All times are UTC - 5 hours [ DST ]




Post new topic Reply to topic  [ 20 posts ] 
Author Message
 Post subject: Software or script to list and delete based on header
PostPosted: July 19th, 2020, 20:27 
Offline

Joined: May 2nd, 2009, 0:17
Posts: 80
Location: Brazil
Objective:
I need to scan and delete *.dat files that matches a defined criteria (or create a .txt list for later deletion) in a folder and all it's subfolders

But it's a lot of files (more than 5,000,000)

Sample folder structure:
c:\DATA\001\file001.dat"
c:\DATA\002\file005 this file name is long and have spaces.dat"
c:\DATA\004\file003.dat"
...
c:\DATA\500\file510.dat"
...
c:\DATA\800\file910.dat"

and so on ...

Criteria for files to be deleted
-- Files name is *.dat
-- All *.dat files inside a given folder and all it's subfolders that match below criteria
-- *.dat file header must be (grep / hex notation) \x4F\x4C\x44\x44\x41\x54\x41

Note1: by header I mean at file offset 0x00 (the very start of the file)
So if the file does not have \x4F\x4C\x44\x44\x41\x54\x41 at offset 0x00 but have it anywhere else it should also be deleted

Note2: scan needs to be done in grep / hexadecimal byte format, not text format

- Preferably a solution that works on windows like a batch file or a powershell script
- Can make use of non-native windows third party utilities - i.e cguwin32

If not possible on Windows, a linux solution would also be welcome
(maybe something like grep piped with hexdump and rm?)

Any suggestions?

I uploaded a sample dataset on this post so one can make tests on files with and without the specified creteria
File names in the dataset are self explanatory


Attachments:
File comment: Sample dataset for testing a working solution
dataset for testing.zip [3.89 KiB]
Downloaded 139 times
Top
 Profile  
 
 Post subject: Re: Software or script to list and delete based on header
PostPosted: July 20th, 2020, 0:13 
Offline
User avatar

Joined: September 8th, 2009, 18:21
Posts: 12666
Location: Australia
I could write a program to do it, but it would require at least 10msec access time for each file.

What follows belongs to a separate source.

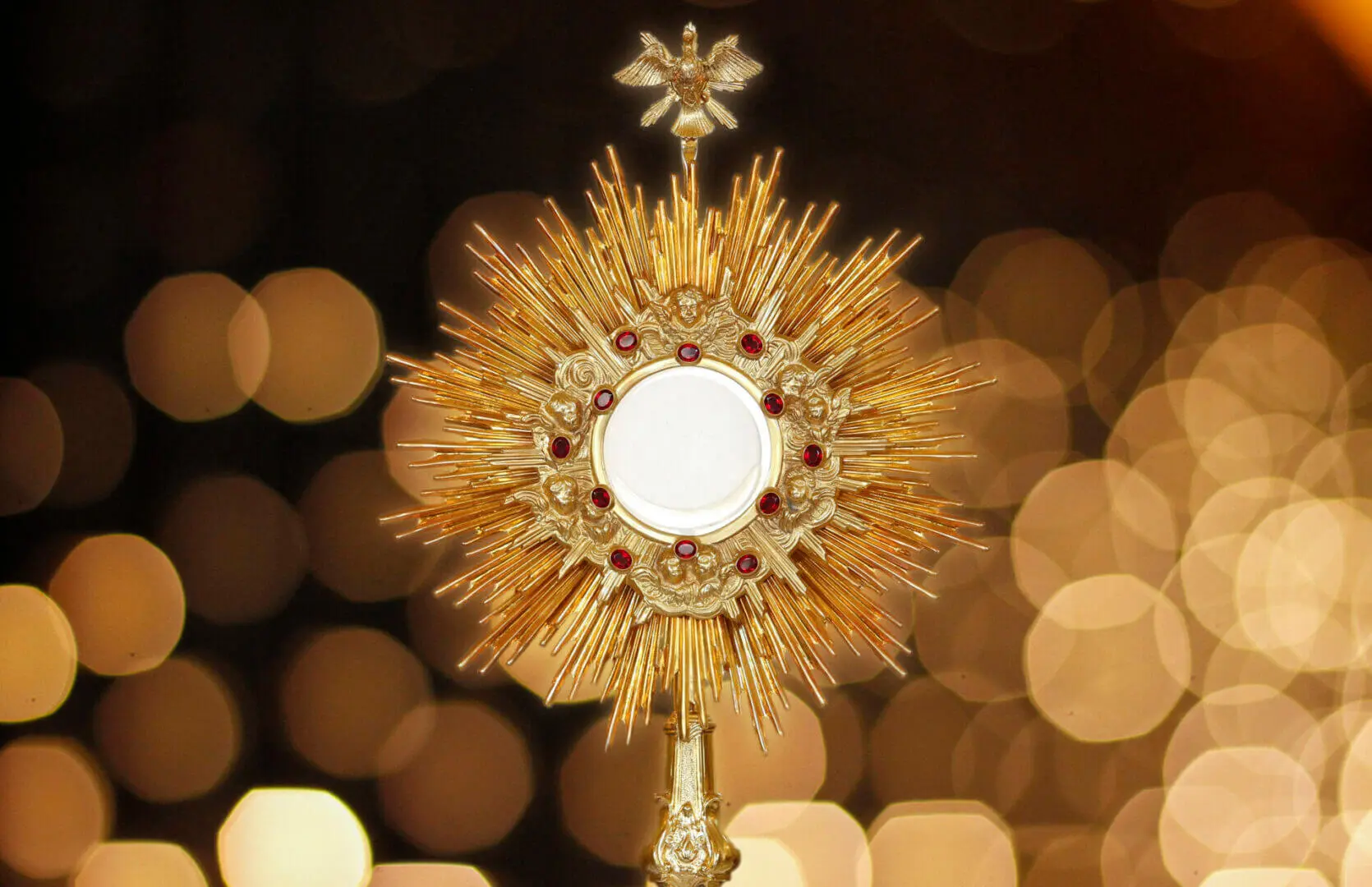 Golden monstrance with red jewels and a dove.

So that's 50,000 seconds in total, which is about 14 hours just to read all the files. Then there's the computation time and file deletion time on top of that.

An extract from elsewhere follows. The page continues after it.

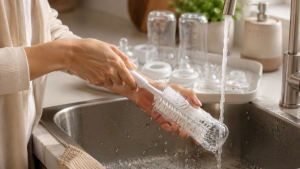 Washing bottle with cleaning brush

In fact I have already written a program which I could adapt for your purposes, but I would hope that someone may have a readymade solution:
http://www.hddoracle.com/viewtopic.php?f=22&t=2918

_________________
A backup a day keeps DR away.


Top
 Profile  
 
 Post subject: Re: Software or script to list and delete based on header
PostPosted: July 20th, 2020, 2:06 
Offline

Joined: May 2nd, 2009, 0:17
Posts: 80
Location: Brazil
Hi and thank you for your response and for sharing that link
I will make some tries with both software over there

14 hours would not be that big of a problem, but offcourse if time could be reduced it would be great.

Do you think your software could be altered to simultaneously check for 2 hex sequences on each file, but use an inverse lookup? (NOT have XXXXXXXX hex) ?

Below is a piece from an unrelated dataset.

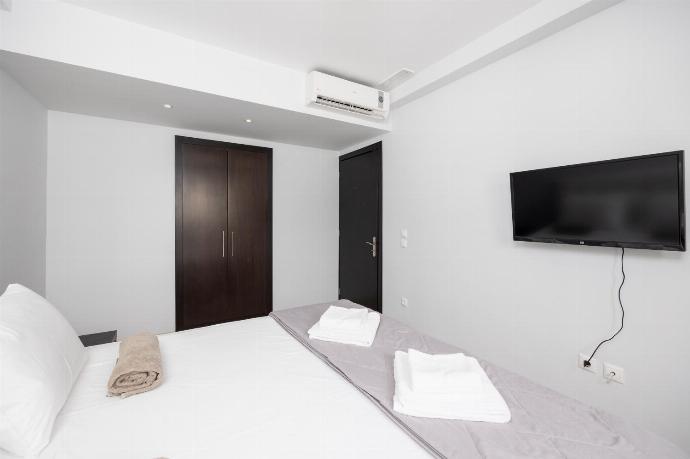 Double bedroom with A/C and TV . - Villa Tsampikos . (Photo Gallery) }}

The idea would be a simultaneous criteria search, for example:

Delete files that:

1. do NOT start with 44415441

and

2. do NOT end with FFFFFFFF <----- here "end" = the very last 4 bytes

If it fails any of the criteria above, the file is NOT do be deleted

p.s.
if you think you need to set a price to make a customized software we can discuss in PM


Top
 Profile  
 
 Post subject: Re: Software or script to list and delete based on header
PostPosted: July 20th, 2020, 15:34 
Offline
User avatar

Joined: September 8th, 2009, 18:21
Posts: 12666
Location: Australia
Your requirements seem trivial. I don't want any money for my program, just give me some time to write it. I think it's best if the program produces a list of files to be deleted rather than actually deleting them.

_________________
A backup a day keeps DR away.


Top
 Profile  
 
 Post subject: Re: Software or script to list and delete based on header
PostPosted: July 21st, 2020, 12:50 
Offline

Joined: May 2nd, 2009, 0:17
Posts: 80
Location: Brazil
fzabkar wrote:
I think it's best if the program produces a list of files to be deleted rather than actually deleting them.

Totally agree with you about the file listing first!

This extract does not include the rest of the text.